Agents need to know what a tool does to the world before calling it. Descriptions should go beyond structured annotations to explain consequences.

Conciseness3/5

Is the description appropriately sized, front-loaded, and free of redundancy?

The description is brief with two sentences, but it's not optimally structured. The first sentence states the purpose, and the second describes the return value. However, it could be more front-loaded with key details (e.g., context or behavior), and the return description is vague ('String which confirms success'). It's concise but lacks efficiency in information delivery.

Shorter descriptions cost fewer tokens and are easier for agents to parse. Every sentence should earn its place.

Completeness2/5

Given the tool's complexity, does the description cover enough for an agent to succeed on first attempt?

Given the complexity of a data transformation tool with no annotations and no output schema, the description is incomplete. It doesn't explain what 'label encode' entails (e.g., mapping categories to integers), what happens to the encoded data (e.g., stored, returned, or modified), or how errors are handled. This leaves significant gaps for an AI agent to use the tool correctly.

Complex tools with many parameters or behaviors need more documentation. Simple tools need less. This dimension scales expectations accordingly.

Parameters4/5

Does the description clarify parameter syntax, constraints, interactions, or defaults beyond what the schema provides?

The input schema has 0 parameters with 100% coverage, so the schema fully documents that no inputs are required. The description doesn't need to add parameter details, but it implies the tool operates on an implicit dataset or context without specifying how that's provided. This minor gap keeps it from a perfect score, but it's largely sufficient given the schema.

Input schemas describe structure but not intent. Descriptions should explain non-obvious parameter relationships and valid value ranges.

Purpose3/5

Does the description clearly state what the tool does and how it differs from similar tools?

The description states the tool 'label encodes all the categorical columns', which provides a clear verb ('label encodes') and resource ('categorical columns'). However, it doesn't differentiate from sibling tools like 'check_category_columns' or 'get_columns_info', leaving ambiguity about when to use each. The purpose is understandable but lacks sibling distinction.
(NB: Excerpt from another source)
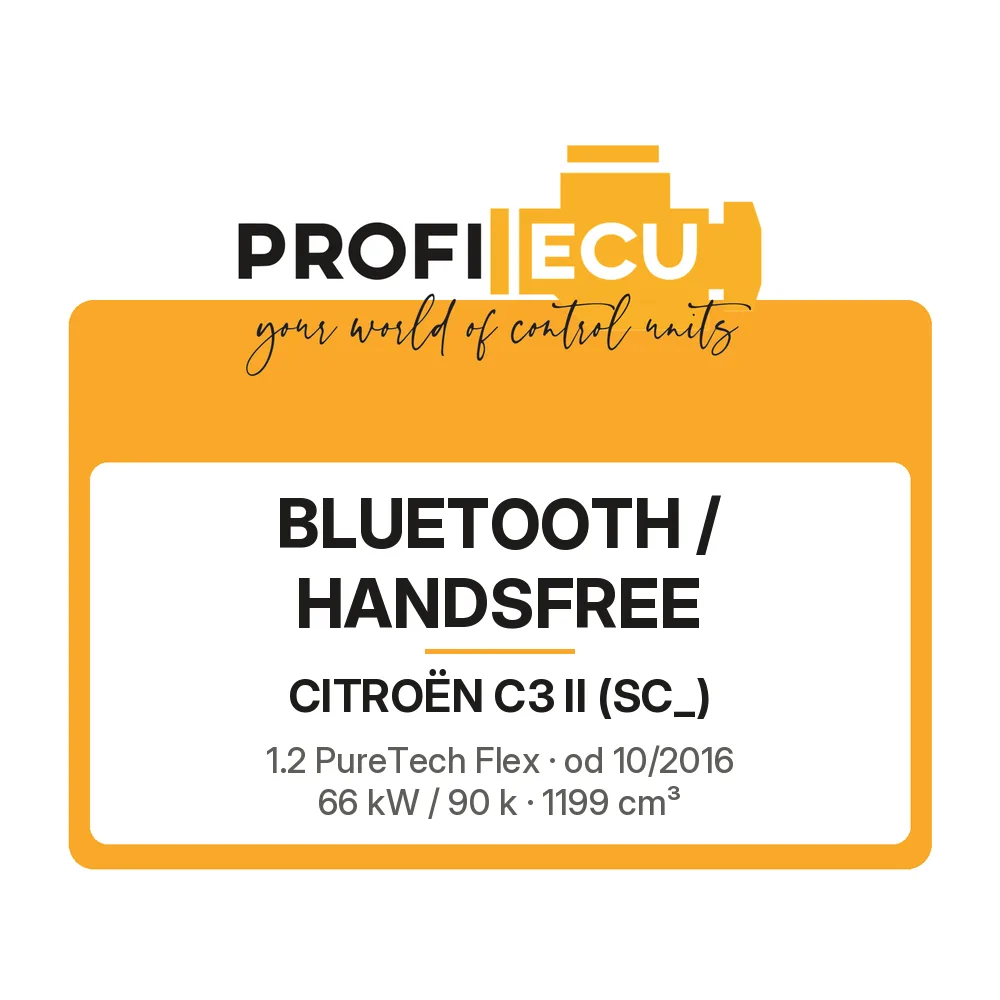 Etiketa ProfiECU: Bluetooth / Handsfree pro Citroën C3 II 1.2 PureTech Flex 66 kW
Agents choose between tools based on descriptions. A clear purpose with a specific verb and resource helps agents select the right tool.

Usage Guidelines2/5

Does the description explain when to use this tool, when not to, or what alternatives exist?

The description provides no guidance on when to use this tool versus alternatives. With siblings like 'check_category_columns' and 'get_columns_info', it's unclear if this should be used before, after, or instead of those tools. No explicit when/when-not statements or alternative references are included.

Agents often have multiple tools that could apply. Explicit usage guidance like "use X instead of Y when Z" prevents misuse.